No he oído en mi vida más de tres veces la idea de que Cuba deba ser de Estados Unidos. Creo que hace mucho tiempo el anexionismo está derrotado aquí. Algunos sueñan con depender de los yanquis hasta para mostrarnos cómo se juega al béisbol, pero creo que en un debate serio la independencia y la soberanía nacional no se dejarían al pairo.

La mayoría del pueblo cubano quiere ser orgullosamente cubano, con nuestro baile de casino de ruedas bullangueras, con nuestra manera de venerar a los muertos y a los recuerdos de las buenas épocas.

La mayoría de nuestro pueblo ha aprendido a amar a su historia, y lo mejor, no ha bebido de la fuente del odio por el pueblo norteamericano. En nuestras calles se observan hace bastante tiempo banderas de Estados Unidos, en bicitaxis, automóviles, puertas de casa, trajes de baño, pañuelos de mujer, gorras. Estoy seguro de que este panorama de apertura cultural es menos común en el norte, donde de Cuba se habla por rachas y casi siempre con poca información sobre nuestra vida cotidiana.

Los que queremos el socialismo en Cuba, mejorado, salvados los bajos, cogidas las pinzas, zurcidos los hoyos, por el bien de la mayoría, sin dueños extranjeros ni amos nacionales, pensamos que el acercamiento con Estados Unidos, bien llevado, traería paz, adelanto para nuestra despensa, descompresión del bloqueo, cercanía con las familias de Miami, y esperanza de que nuestros hijos no pasaran por el miedo a las alarmas aéreas que nos entrenaban para el posible bombardeo del ejército del norte.

Pero en casa del pobre la felicidad dura poco. Llegó el presidente Trump. ¡Qué pena sentimos por los estadounidenses! ¡El país de Lincoln con un presidente así!, pensamos algunos. Pero eso fue lo que ellos quisieron o lo que su sistema electoral les dejó tener, para decirlo bien.

En Cuba algunas voces muy prudentes hablaron en voz baja y en susurros aspiraron a que Trump no fuera tan malo con nosotros. Los argumentos iban y venían, decían que un millonario no afectaría  a los negocios con Cuba que se oteaban ya en el horizonte.

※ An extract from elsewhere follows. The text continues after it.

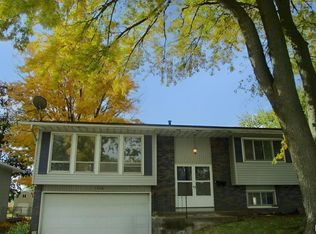 1118 N 13th St, Clinton, IA 52732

También repetían que este hombre era práctico, que no estaba en la política tradicional y que no dependía de nadie.

Todos  se equivocaron. Trump llegó con su irrespeto por todo lo que no sea su vida y arremetió contra nuestras esperanzas  y contra las esperanzas de las almas buenas de los Estados Unidos.

A nosotros un poco menos de pechuga de pollo no nos va a cambiar mucho la vida. Pero pensamos en algunas noches de ensoñación que en breve visitaríamos a la tía del norte con menos dificultad, o que los primos que nacieron allá podrían venir y caminar descalzos por el malecón para cazar una ola acalorada.

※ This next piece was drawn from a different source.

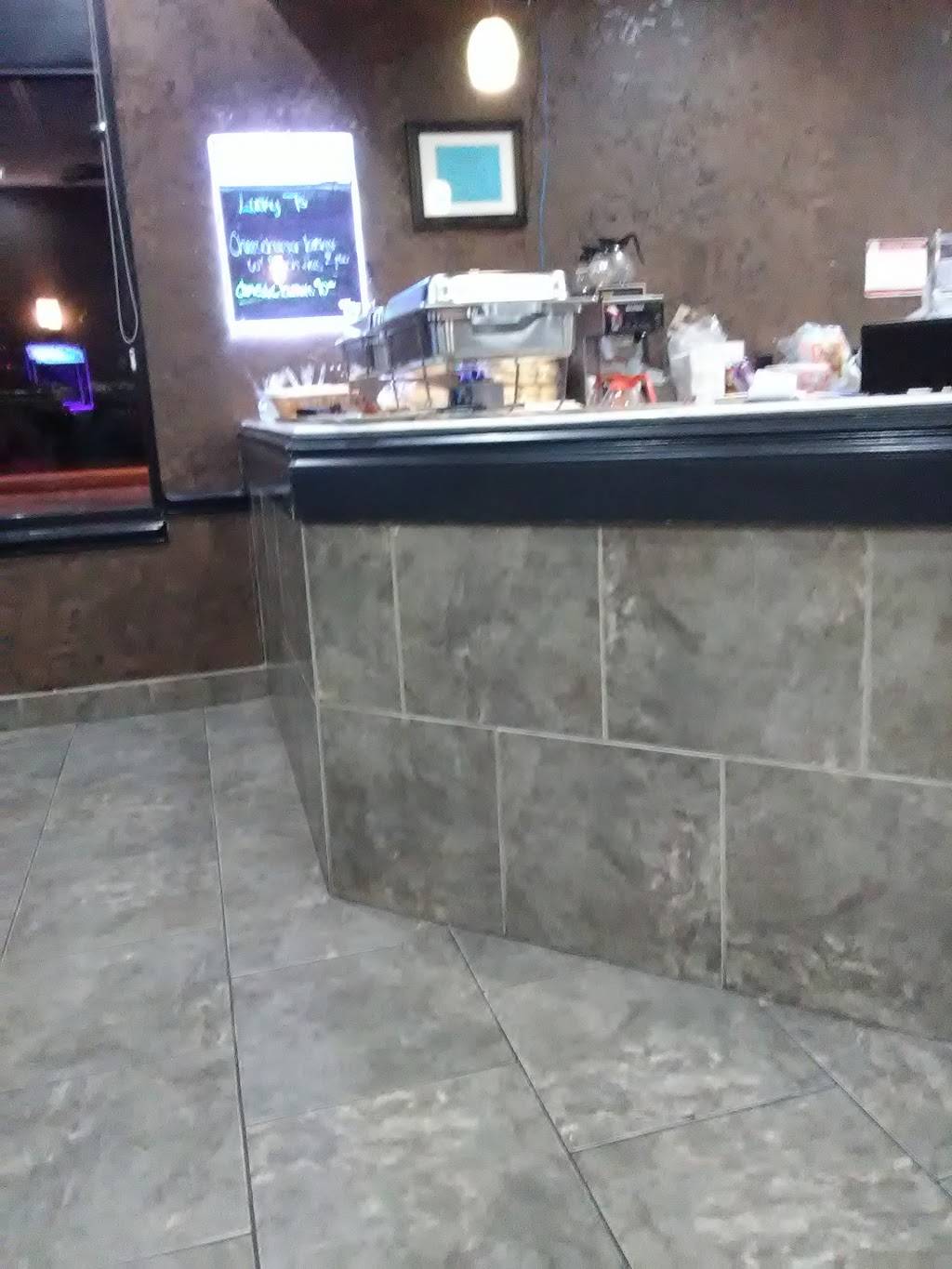 Lucky 7s Bar | restaurant | 1804 S Hershey Rd Suite 10, Bloomington, IL 61704, USA | 3098083183 OR +1 309-808-3183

Las nuevas medidas de Trump no hacen bien sino a la peor política, a la que aleja y alimenta el odio centenario y a la que busca cómo mantener firmes y profundas las trincheras de antaño.

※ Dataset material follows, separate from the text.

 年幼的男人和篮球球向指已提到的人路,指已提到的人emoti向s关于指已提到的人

Mi hijo tiene ocho años. Él me preguntó hace unos días: «Papi, ¿por qué Trump es tan malo?» Yo traté de explicarle con palabras más dulces que las de la televisión, pero mi mamá nos hizo reír con su conclusión: «Ese hombre se parece al muñeco diabólico», nos dijo, con cara de no querer esperar mucho más por el futuro.